What is required -
Would you give the listing again exactly as written, minus its pictures?

Collected data -
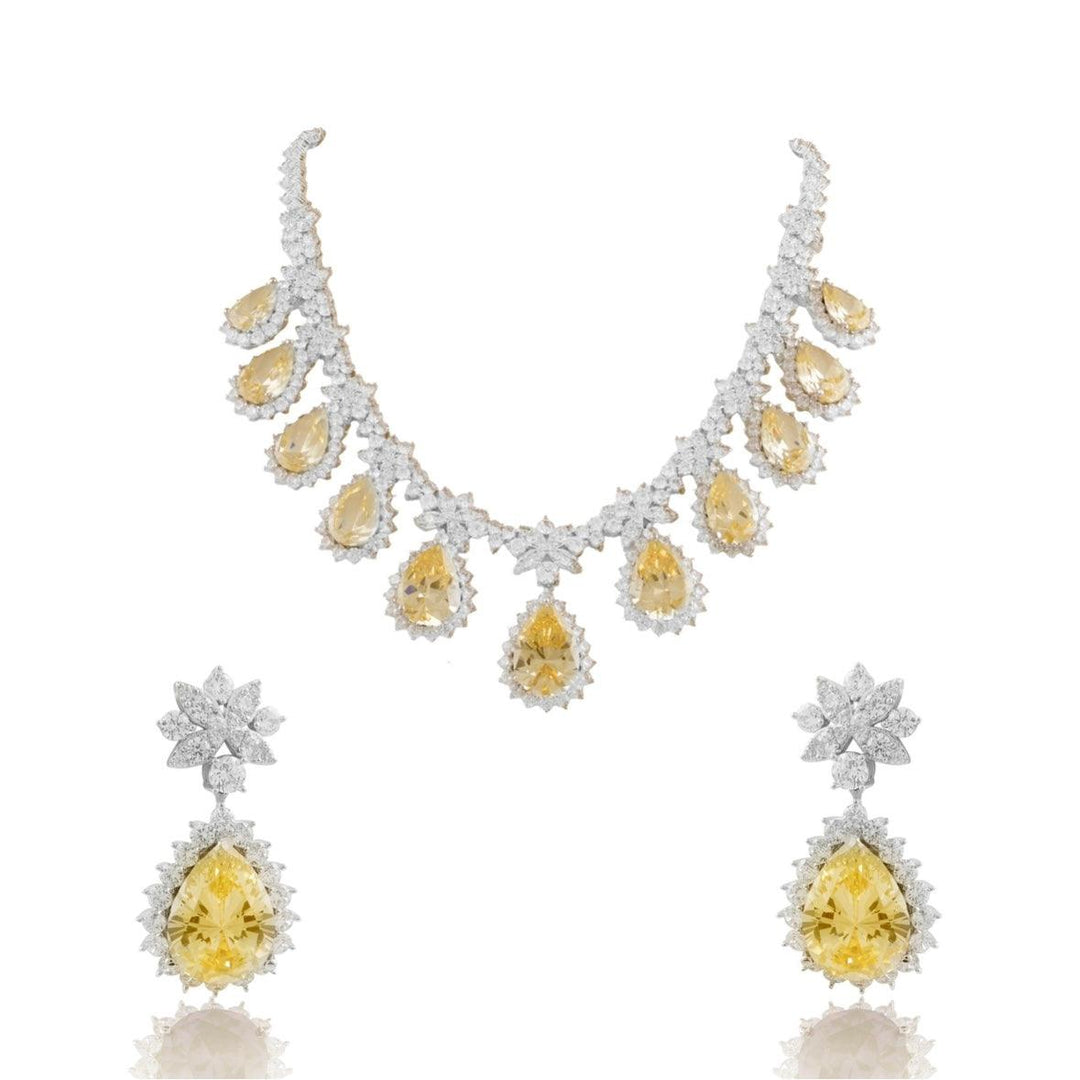 WAMIK - CZ NECKLACE SET - House Of Shikha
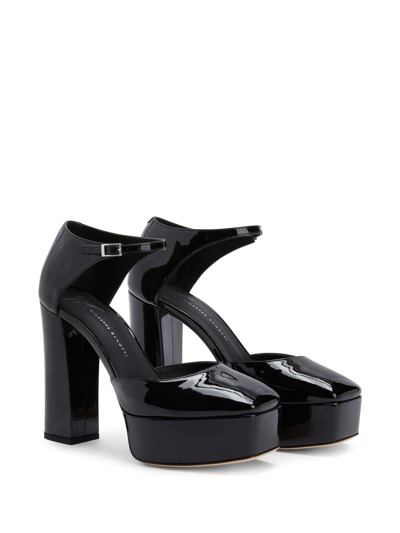 Shop Giuseppe Zanotti Bebe Patent Platform Pumps In Black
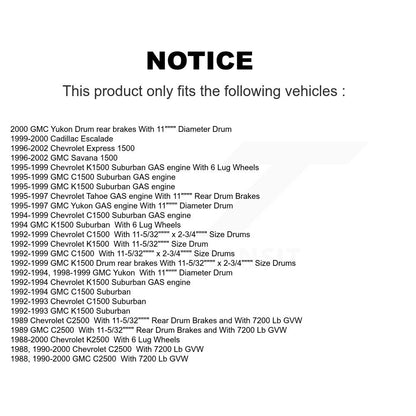 Semi-Metallic Disc Brake Pads Front Rear Kit For Chevrolet GMC K1500 C1500 K2500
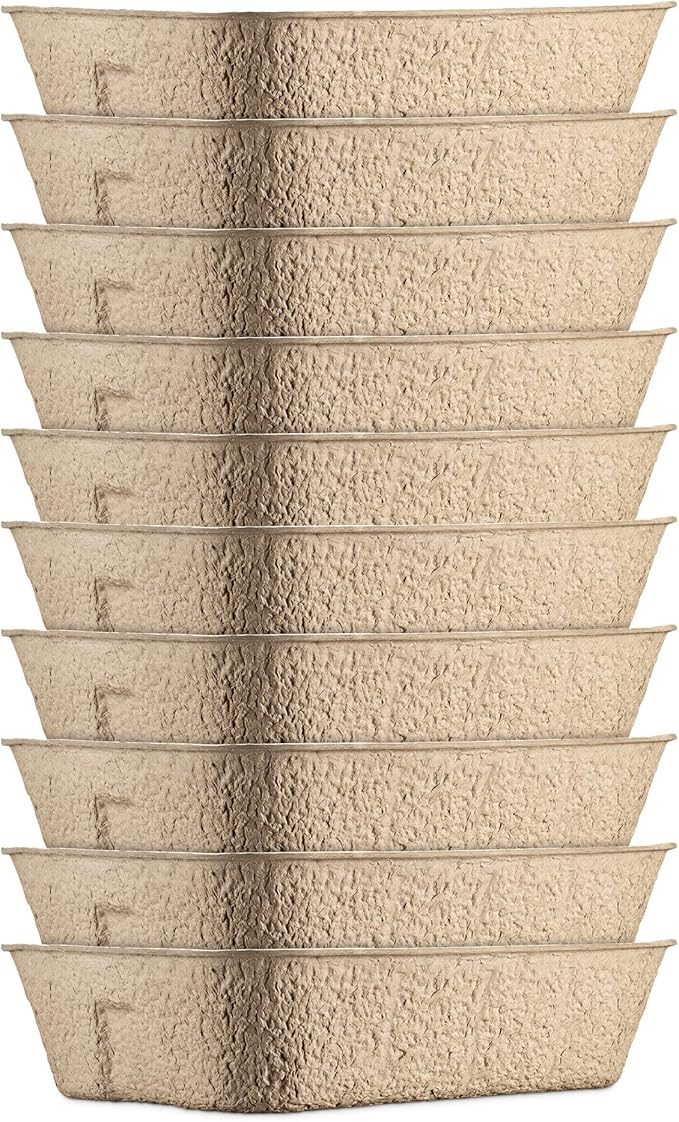 Navaris Disposable Cat Litter Trays (Pack of 10) - Cardboard Liner Tray for Cats Made of 100% Paper - Use Alone or As Box Liners - 15.9" x 11.8"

Result of the exercise -
 WAMIK - CZ NECKLACE SET - House Of Shikha
 Shop Giuseppe Zanotti Bebe Patent Platform Pumps In Black
 Semi-Metallic Disc Brake Pads Front Rear Kit For Chevrolet GMC K1500 C1500 K2500
 Navaris Disposable Cat Litter Trays (Pack of 10) - Cardboard Liner Tray for Cats Made of 100% Paper - Use Alone or As Box Liners - 15.9" x 11.8"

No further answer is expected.